**PROBLEM TO SOLVE**: Your answer must be the listing repeated word for word, without its pictures.

**DATA SHOWN**:

*** Begin section ***

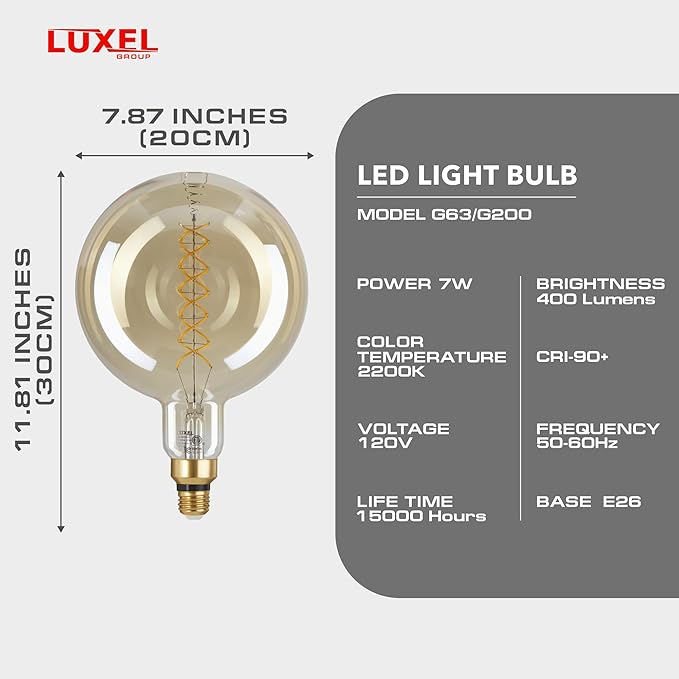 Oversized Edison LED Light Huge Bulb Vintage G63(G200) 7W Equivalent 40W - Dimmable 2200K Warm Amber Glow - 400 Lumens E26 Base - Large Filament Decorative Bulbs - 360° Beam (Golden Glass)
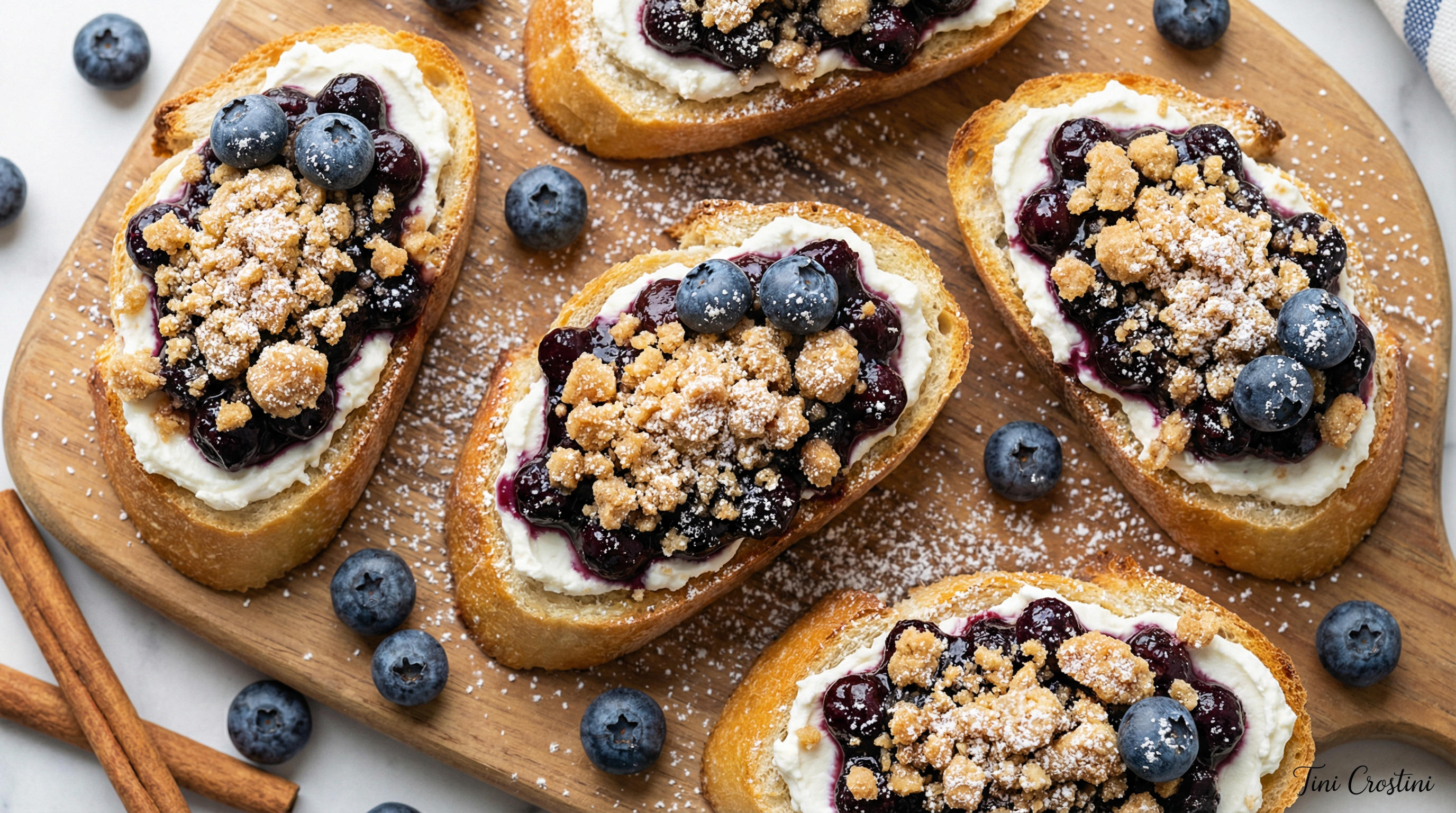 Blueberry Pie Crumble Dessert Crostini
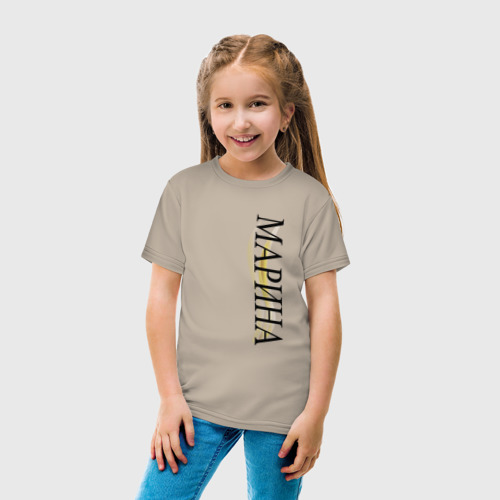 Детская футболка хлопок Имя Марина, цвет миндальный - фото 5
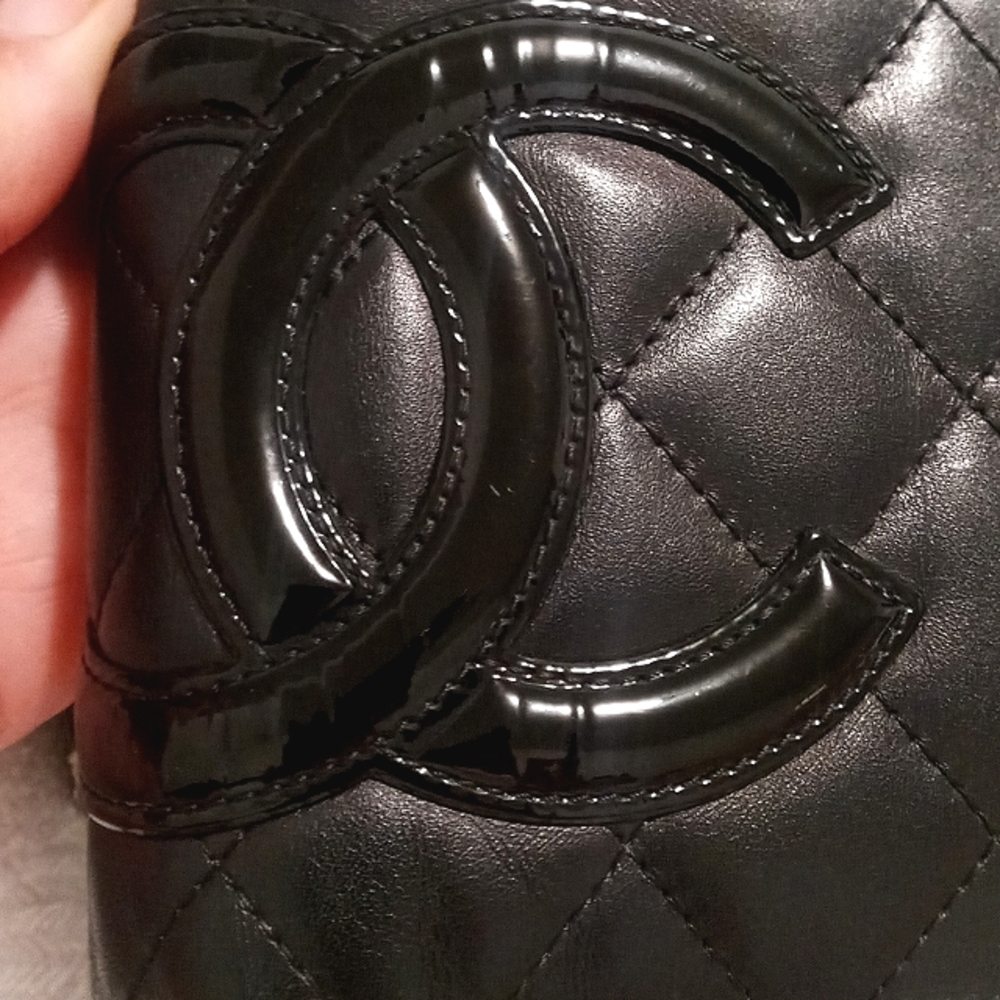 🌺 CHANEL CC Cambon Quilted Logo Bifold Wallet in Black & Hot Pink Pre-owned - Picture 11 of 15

*** End section ***

**THE ANSWER**:
 Oversized Edison LED Light Huge Bulb Vintage G63(G200) 7W Equivalent 40W - Dimmable 2200K Warm Amber Glow - 400 Lumens E26 Base - Large Filament Decorative Bulbs - 360° Beam (Golden Glass)
 Blueberry Pie Crumble Dessert Crostini
 Детская футболка хлопок Имя Марина, цвет миндальный - фото 5
 🌺 CHANEL CC Cambon Quilted Logo Bifold Wallet in Black & Hot Pink Pre-owned - Picture 11 of 15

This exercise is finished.